It is strange but true: Presidential politics, although of paramount importance, is a game without settled rules. More than two centuries after ratification of the Constitution, there is no stable system for selecting presidential candidates.

James W. Ceaser, professor of politics at the University of Virginia, writing in the Claremont Review of Books, notes that, contrary to conventional understanding, the Constitution created not three but four "national institutions." They are the Congress, the Supreme Court, the presidency—and the presidential selection system, based on the Electoral College. "The question of presidential selection," Ceaser writes, "was just that important to the Founders."

Under their plan, the nomination of candidates and the election of the president were to occur simultaneously. Electors meeting in their respective states, in numbers equal to their states' senators and representatives, would vote for two people for president. The electors' winnowing of aspirants was the nomination process. When the votes were opened in the U.S. House of Representatives, the candidate with a majority would become president, the runner-up would become vice president. If no person achieved a majority of electoral votes, the House would pick from among the top five vote getters. Note well: The selection of presidential nominees was to be controlled by the Constitution.

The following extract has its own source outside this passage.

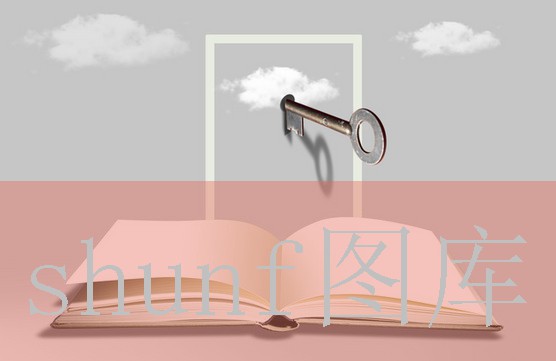 小江香烟多少钱一包?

The Founders' intent, Ceaser writes, was to prevent the selection of a president from being determined by the "popular arts" of campaigning, such as rhetoric. The Founders, Ceaser says, "were deeply fearful of leaders deploying popular oratory as the means of winning distinction." That deployment would invite demagoguery, which subverts moderation. "Brilliant appearances," wrote John Jay in The Federalist Papers 64, "… sometimes mislead as well as dazzle." By telling members of the political class how not to get considered for the presidency, the Founders hoped to (in Ceaser's words) "make virtue the ally of interest" and shape the behavior of that class.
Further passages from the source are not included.